Orlando Sentinel

Pols picked gun battle they’d lose

- Scott Maxwell Sentinel Columnist

Florida legislator­s spawn dumb ideas the way seahorses spawn babies — hundreds at a time.

But every once in a while, they give birth to a plan so genuinely senseless that, from the moment it’s hatched, we know it’s too stupid to survive.

Such was the case six years ago when Sanford Republican Jason Brodeur proposed a law that sought to imprison doctors who discussed gun safety with their patients.

It didn’t matter if the patient walked into a psychiatri­st’s office with an AR-15 and said he was feeling particular­ly homicidal that day.

If the doctor asked the patient what he planned to do with that gun, Brodeur wanted to imprison and fine the doctor … up to $5 million.

As a columnist, I often seek out expert legal opinions. In this case, I didn’t need to. I knew it was unconstitu­tional.

See, in America, you can’t imprison people for consensual conversati­ons or free speech in general.

Maybe in Cuba or China. But not the U.S.

So on Jan. 16, 2011, I penned a column that said this bill had absolutely no chance of becoming law — that it was dangerous, nonsensica­l and blatantly unconstitu­tional.

But Florida legislator­s didn’t care. Egged on by the National Rifle Associatio­n, the politician­s persisted.

They watered down the bill, reduced the fine and replaced the threat of prison with a threat of discipline from the state medical board.

But it was still unconstitu­tional. I knew it. Legal experts knew it. Judges from both parties repeatedly said so.

Still, Gov. Rick Scott, Attorney General Pam Bondi and Florida legislator­s spent six years — and tens of thousands of your tax dollars — trying to defend this dog of a dangerous law.

Finally this week — on the heels of yet another bipartisan beat down from the courts — the state conceded it was out of options and dropped the case.

The surrender was as necessary as it was overdue.

But here’s the real question you need to ask yourself: Why?

Why did they fight this long and this hard for a bill so obviously destined to die?

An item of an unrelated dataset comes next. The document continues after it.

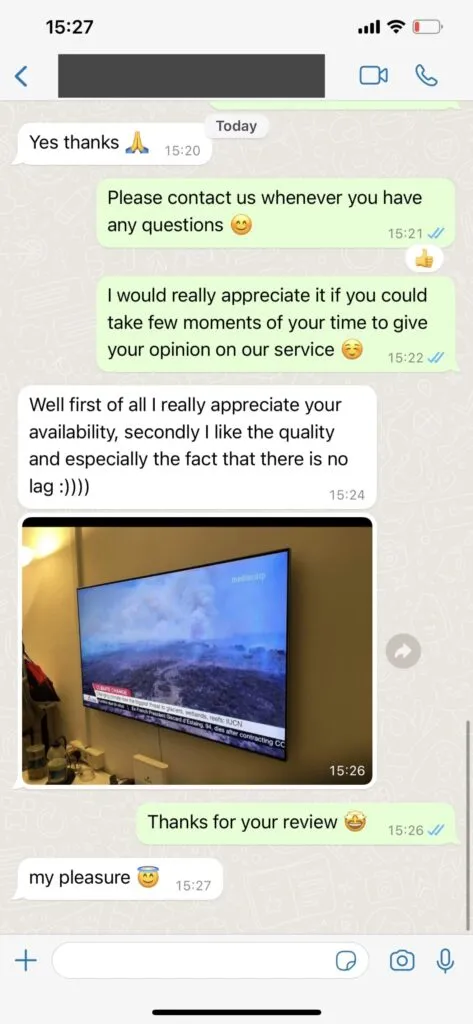 WhatsApp support conversation confirming Firestick playlist setup on Shack TV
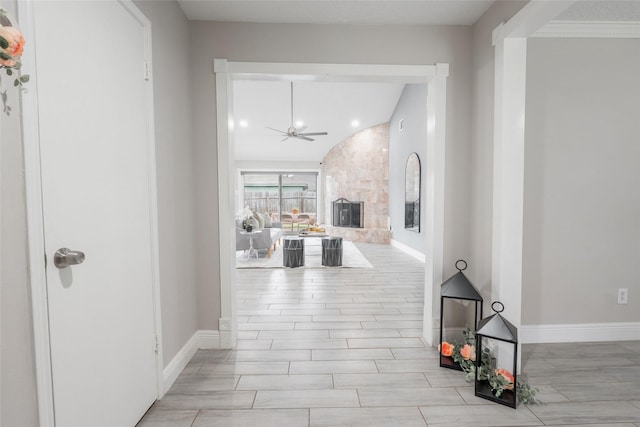 hallway with lofted ceiling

Partly because they don’t care about wasting your money. Partly because they don’t think about the real-life consequenc­es of their actions.

But mainly because they were trying to distract.

See, there are real gun issues out there — ones that the majority of Floridians want addressed.

Citizens overwhelmi­ngly want universal background checks, for instance, to ensure that criminals and the mentally ill can’t get weapons.

They also want high-capacity weapons off the streets.